▶ Task details:
Determine the count of lines in the data below that include the word "para", and give nothing besides it.

(Collected data entries)
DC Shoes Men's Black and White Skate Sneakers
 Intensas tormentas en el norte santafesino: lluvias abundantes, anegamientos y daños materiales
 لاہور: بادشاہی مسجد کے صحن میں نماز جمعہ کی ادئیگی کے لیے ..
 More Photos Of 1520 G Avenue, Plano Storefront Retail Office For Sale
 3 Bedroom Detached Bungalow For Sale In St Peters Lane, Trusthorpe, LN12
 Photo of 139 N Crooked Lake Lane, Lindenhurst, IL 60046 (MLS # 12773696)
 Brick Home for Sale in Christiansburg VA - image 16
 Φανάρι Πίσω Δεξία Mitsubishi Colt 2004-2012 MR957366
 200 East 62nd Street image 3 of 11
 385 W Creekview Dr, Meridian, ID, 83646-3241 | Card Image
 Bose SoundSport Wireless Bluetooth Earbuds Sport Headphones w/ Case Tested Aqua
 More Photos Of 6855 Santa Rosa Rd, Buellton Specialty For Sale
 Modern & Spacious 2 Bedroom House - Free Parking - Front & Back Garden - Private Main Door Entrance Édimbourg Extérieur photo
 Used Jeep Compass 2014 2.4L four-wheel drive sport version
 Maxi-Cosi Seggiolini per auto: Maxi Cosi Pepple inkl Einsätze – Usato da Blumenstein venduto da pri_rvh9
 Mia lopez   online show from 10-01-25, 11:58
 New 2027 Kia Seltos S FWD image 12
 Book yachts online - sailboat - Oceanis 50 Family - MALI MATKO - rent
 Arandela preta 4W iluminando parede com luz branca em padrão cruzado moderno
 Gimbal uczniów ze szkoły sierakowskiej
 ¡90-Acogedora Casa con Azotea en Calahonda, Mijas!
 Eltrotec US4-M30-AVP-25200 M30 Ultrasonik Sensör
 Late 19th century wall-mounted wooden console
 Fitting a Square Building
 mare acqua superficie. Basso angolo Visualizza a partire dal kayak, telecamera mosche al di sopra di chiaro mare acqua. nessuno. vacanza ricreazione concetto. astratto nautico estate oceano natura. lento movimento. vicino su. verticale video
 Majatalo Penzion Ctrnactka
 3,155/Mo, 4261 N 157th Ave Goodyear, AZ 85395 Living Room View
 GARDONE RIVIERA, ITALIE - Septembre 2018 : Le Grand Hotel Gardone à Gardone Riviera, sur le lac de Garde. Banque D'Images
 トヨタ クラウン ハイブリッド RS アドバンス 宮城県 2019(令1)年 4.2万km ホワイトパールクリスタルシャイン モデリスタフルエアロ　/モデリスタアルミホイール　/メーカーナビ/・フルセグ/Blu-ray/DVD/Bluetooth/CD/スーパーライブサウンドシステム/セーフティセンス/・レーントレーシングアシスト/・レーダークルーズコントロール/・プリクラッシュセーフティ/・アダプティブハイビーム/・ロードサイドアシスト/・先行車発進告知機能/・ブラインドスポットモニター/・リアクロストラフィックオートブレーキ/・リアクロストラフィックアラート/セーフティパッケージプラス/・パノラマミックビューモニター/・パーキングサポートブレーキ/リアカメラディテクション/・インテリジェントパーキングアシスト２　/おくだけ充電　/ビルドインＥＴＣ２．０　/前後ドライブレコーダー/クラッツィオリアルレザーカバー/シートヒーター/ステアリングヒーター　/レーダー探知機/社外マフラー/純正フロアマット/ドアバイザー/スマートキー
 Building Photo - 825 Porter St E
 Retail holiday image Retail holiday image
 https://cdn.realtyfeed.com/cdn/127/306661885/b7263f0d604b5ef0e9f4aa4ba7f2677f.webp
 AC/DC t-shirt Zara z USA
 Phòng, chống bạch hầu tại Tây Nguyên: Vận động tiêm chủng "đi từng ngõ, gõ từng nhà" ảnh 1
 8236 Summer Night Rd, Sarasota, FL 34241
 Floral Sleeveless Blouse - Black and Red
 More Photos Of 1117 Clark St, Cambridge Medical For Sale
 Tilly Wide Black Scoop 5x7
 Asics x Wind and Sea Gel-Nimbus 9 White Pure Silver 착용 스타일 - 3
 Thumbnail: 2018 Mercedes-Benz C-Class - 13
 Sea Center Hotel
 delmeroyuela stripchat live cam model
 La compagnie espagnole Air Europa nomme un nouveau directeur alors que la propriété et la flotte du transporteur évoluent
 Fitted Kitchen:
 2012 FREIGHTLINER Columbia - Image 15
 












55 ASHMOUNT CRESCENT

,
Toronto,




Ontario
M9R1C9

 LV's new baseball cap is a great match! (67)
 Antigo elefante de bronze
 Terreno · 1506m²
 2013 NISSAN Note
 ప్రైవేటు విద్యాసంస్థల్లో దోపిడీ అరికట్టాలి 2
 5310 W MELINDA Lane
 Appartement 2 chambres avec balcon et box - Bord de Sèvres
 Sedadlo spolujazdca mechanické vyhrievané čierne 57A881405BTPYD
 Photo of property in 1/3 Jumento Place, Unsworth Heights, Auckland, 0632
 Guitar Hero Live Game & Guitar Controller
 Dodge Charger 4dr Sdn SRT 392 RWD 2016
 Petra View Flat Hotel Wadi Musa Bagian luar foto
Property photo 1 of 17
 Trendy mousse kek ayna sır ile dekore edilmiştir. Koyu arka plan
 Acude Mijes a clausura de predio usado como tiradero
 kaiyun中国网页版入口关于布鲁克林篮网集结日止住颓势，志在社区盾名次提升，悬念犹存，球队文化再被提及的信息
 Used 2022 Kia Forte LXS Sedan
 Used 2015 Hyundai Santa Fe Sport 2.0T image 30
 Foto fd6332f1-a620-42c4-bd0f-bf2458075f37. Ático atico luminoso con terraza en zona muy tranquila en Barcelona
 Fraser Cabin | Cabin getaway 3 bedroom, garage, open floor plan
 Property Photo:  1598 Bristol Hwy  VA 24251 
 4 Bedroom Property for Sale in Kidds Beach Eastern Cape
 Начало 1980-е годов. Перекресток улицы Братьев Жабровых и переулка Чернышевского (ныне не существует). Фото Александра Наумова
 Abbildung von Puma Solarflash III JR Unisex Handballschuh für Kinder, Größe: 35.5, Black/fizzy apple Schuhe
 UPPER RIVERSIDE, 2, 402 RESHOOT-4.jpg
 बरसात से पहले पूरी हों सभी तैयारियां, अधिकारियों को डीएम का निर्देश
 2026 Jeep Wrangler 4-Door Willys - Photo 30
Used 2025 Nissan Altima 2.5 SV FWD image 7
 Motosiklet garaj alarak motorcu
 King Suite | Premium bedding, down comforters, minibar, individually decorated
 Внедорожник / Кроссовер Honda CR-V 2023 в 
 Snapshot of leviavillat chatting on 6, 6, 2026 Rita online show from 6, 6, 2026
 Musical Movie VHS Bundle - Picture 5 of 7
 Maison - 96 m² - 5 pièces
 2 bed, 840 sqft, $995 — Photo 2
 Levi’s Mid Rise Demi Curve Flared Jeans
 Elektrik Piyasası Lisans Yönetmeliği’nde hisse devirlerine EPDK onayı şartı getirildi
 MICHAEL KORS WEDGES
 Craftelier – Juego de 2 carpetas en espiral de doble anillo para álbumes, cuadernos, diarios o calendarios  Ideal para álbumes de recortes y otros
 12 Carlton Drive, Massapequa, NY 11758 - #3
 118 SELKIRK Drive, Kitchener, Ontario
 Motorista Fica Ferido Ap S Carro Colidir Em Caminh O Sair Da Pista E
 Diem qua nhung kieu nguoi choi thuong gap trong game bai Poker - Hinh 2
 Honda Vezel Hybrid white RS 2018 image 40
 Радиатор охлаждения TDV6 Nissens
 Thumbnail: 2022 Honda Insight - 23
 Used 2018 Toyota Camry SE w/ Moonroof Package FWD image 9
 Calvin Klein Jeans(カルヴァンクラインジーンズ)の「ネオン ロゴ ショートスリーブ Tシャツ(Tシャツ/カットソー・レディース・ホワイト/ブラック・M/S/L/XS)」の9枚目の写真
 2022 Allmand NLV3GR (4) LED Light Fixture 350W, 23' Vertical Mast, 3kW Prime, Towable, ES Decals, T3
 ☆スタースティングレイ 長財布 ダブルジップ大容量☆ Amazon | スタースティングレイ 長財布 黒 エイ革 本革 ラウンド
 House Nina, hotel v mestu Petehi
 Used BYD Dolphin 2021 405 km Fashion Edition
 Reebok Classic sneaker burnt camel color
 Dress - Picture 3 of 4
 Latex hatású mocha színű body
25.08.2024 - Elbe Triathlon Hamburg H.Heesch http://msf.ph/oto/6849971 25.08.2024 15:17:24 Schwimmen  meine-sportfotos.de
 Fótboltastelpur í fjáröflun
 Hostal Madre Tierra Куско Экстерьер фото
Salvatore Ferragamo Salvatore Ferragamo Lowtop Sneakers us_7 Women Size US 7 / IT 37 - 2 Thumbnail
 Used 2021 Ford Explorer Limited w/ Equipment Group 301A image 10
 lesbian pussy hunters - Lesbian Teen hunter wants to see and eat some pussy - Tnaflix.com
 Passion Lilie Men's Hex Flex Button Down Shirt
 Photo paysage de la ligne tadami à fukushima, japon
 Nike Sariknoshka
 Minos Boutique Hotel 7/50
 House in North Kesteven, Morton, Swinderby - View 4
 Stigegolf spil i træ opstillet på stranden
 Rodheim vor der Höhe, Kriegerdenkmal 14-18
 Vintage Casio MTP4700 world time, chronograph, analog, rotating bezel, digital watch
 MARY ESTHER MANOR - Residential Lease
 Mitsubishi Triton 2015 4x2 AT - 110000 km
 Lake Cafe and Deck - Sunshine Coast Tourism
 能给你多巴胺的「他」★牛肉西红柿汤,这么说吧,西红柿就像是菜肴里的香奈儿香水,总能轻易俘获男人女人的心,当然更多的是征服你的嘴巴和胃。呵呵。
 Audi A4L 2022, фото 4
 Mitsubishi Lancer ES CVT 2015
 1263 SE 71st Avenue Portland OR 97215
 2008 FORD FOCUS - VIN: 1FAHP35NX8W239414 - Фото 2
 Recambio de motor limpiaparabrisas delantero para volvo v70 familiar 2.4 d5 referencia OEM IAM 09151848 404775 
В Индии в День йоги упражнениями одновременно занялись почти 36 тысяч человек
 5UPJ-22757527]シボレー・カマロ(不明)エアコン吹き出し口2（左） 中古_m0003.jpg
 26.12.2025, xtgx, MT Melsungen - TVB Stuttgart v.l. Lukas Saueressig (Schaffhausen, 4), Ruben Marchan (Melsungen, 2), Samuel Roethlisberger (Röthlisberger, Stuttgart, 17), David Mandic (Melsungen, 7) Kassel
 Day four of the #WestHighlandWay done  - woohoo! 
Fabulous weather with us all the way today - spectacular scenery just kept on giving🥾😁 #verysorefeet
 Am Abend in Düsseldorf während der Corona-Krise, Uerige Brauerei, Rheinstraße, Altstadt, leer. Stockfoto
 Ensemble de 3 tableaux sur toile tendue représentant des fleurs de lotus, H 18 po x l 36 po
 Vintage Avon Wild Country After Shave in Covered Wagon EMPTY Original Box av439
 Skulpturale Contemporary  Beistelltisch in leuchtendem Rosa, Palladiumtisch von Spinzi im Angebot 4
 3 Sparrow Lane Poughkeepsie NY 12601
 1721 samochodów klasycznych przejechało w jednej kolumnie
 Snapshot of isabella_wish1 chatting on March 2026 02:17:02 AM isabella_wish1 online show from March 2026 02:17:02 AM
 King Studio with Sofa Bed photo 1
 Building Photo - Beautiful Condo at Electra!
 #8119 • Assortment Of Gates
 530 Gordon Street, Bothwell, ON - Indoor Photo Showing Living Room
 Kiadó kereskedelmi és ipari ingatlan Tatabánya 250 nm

▶ Response:
2